La libertad de la miseria
Cuando el bolsillo aprieta y estrangula la vida
No puedes caer en desgracia si ya estás en ella hace un “shunto” de tiempo, explicó Edgar, mientras me contaba una serie de tragedias de las cuáles se reía con una extraña y macabra ironía que realmente daba risa que lo ofendía. Me daba gracia, porque a la vez que contaba su odisea, como una película plagiada de mi vida misma, lamentablemente asocié su desgracia con la mía.
No tener dinero debe ser una de las cosas más cercanas a la felicidad me repetía para convencerme de algo que yo padecía sin su entusiasmo. Mientras sus cuentas de sus varios teléfonos, sus tarjetas de plástico, las pensiones de sus hijos, el diario, sus pasajes y hasta sus vicios lo ahorcaban lentamente, a tal punto que ya no quería regresar a su casa para no soportar las lágrimas de su hijo y los reproches de su eventual mujer. Pero igual reía como un destripado.
Todo empezó por la obediencia de la maldita banda magnética que no hace reproches. Mientras más la traspasaba escuchando las promesas de inicio de pago después de tres, cuatro, cinco meses o el fin del mundo, seguía atravesando esa ranura con cara de culo de chancho – alcancía y continuaba sonando la extraña música de caja que le expendía lo que a sabiendas no podría pagar.

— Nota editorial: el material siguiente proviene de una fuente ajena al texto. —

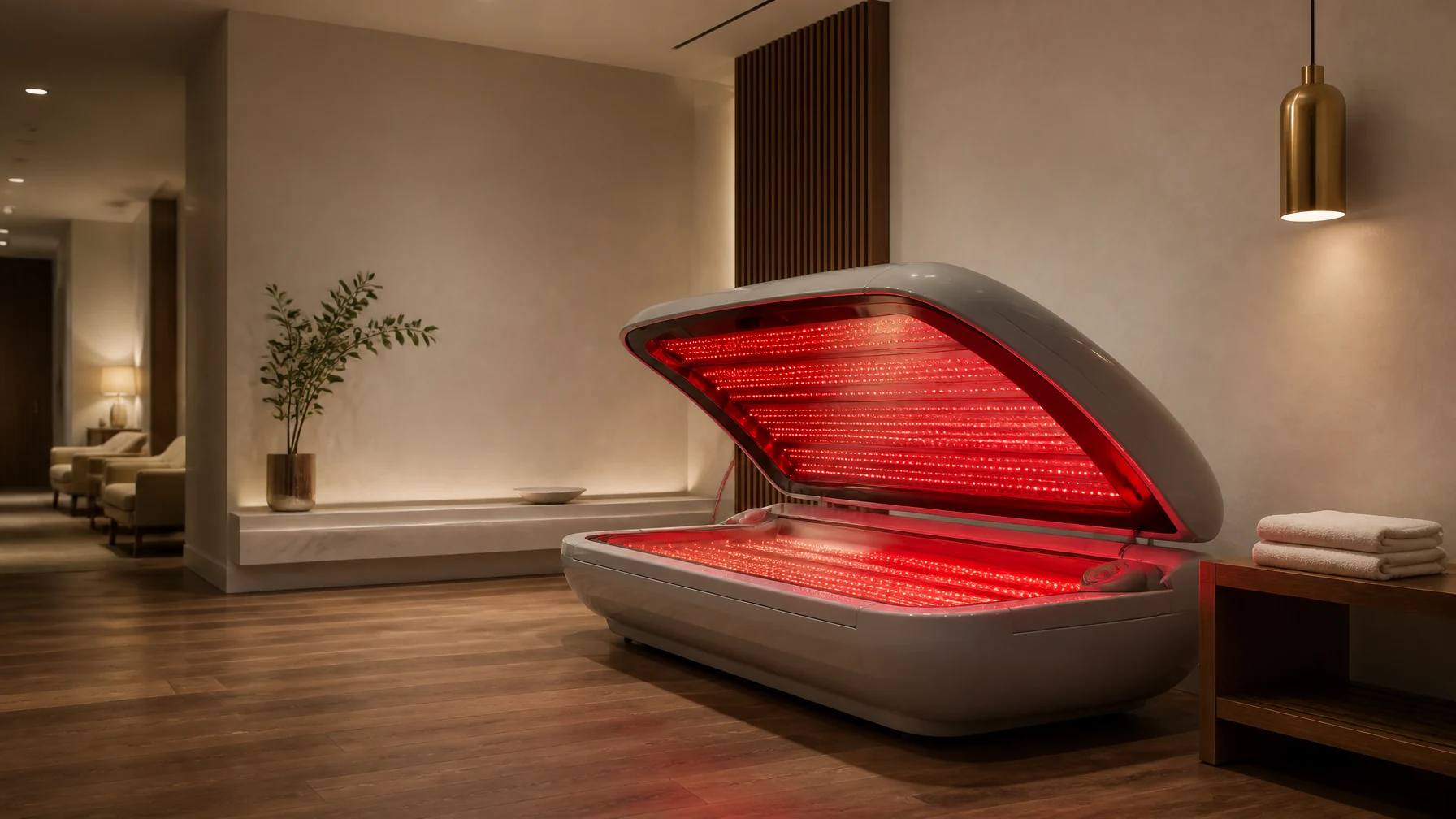 Clinical-grade red light therapy bed with deep red LED panels glowing in a wellness suite at Bespoke Aesthetics
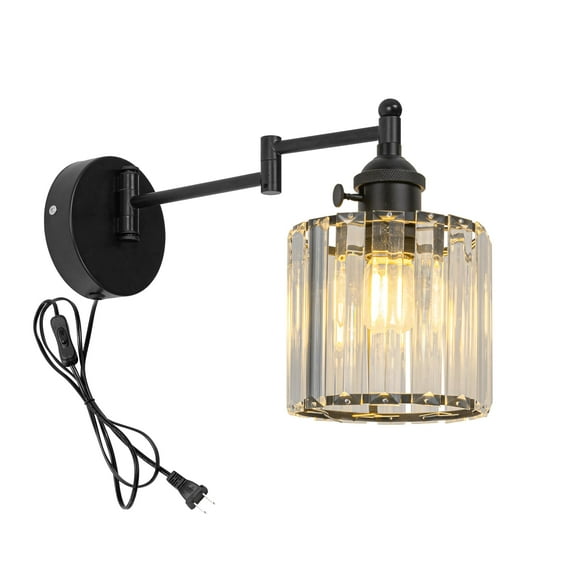 KAYYELAMP 9.8 Ft Plug in On/Off Switch Corded Wall Sconce with Swing Arm Wall Mounted Light Crystal Shade Vintage Design No Wiring Required for Loft Kitchen Bedroom(No Bulb)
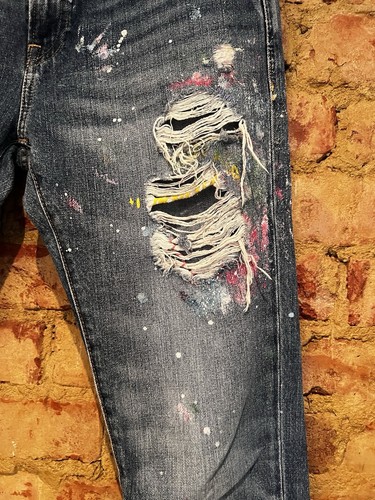 Jeans ajustados boho de artista salpicaduras de pintura polo Ralph Lauren Denim & Supply talla 27 - Imagen 3 de 24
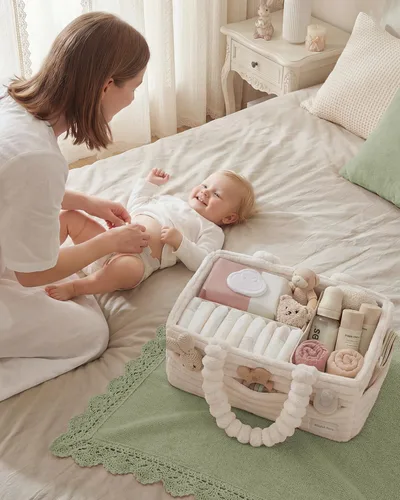 Vista 7 de Blissful Diary Flannel Diaper Caddy Organizer & Gift Packaging, Cream Beige Portable Diaper Basket, Nursery Storage Basket, Gift to Baby Shower
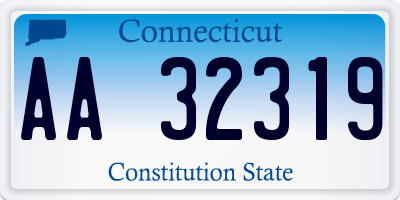 CT license plate AA32319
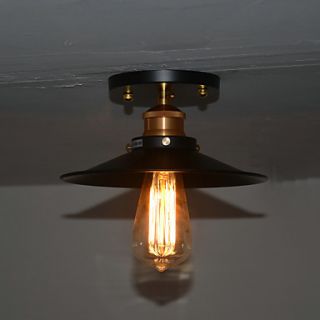 Vintage 1 Light Flush Mount In Iron Shade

No quería morir sin sacar y prestarse de aquí y de allá. De tantos parientes acudidos y amigos que se disculpaban cuando los llamaba porque adivinaban sus intenciones de matar la amistad, pidiéndoles dinero. Por eso supongo, llegó a mí cuando se le acabaron los últimos amigos. No para pedirme nada porque sabía de mi franqueza, sino para reírse con esas ganas desorientadas que tienen los suicidas antes del ocaso.
Pero Edgar Fernández no tenía la suficiente valentía para atravesar el umbral de los valientes, además, aunque su felicidad incontrolable era algo parecido al desquicio del alcohólico o el drogadicto, aún rondaba en su memoria sus hijos que lo esperaban a que termine su cuarto de hora de locura. Ese cuarto de hora que quiso compartir conmigo. Fumando su último cigarro Pallman.
Y era extrañamente libre. Por eso no tuve más remedio que ofrecerle las canciones de Joaquín Sabina en un intento final de acabar con su frenética alegría. “No sabía que la felicidad duraba un segundo…me libré de los tontos por cientos, de los cuentos del bussiness…” y claro, como podía presagiar, confirmó su destino incierto y hasta patético escuchando “la canción más hermosa del mundo”.
Ahora Edgar está durmiendo ideando sin sueños (no puede tener ese lujo) cómo hará para estirarle el dedo medio a esos agoreros de buena esperanza que le enrostran cifras y más cifras de la buenaventura nacional tan contradictoria a sus bolsillos. Y lo más importante, cómo mierda pagará sus cuentas sin pasar esa raya moral trazada con sangre en sus largos años que vivió con su madre. Ganas no le faltan, pero aún se mantiene fuerte como esa maldita plastilina que no puede pagar y que le piden a su hijo para llevar al colegio.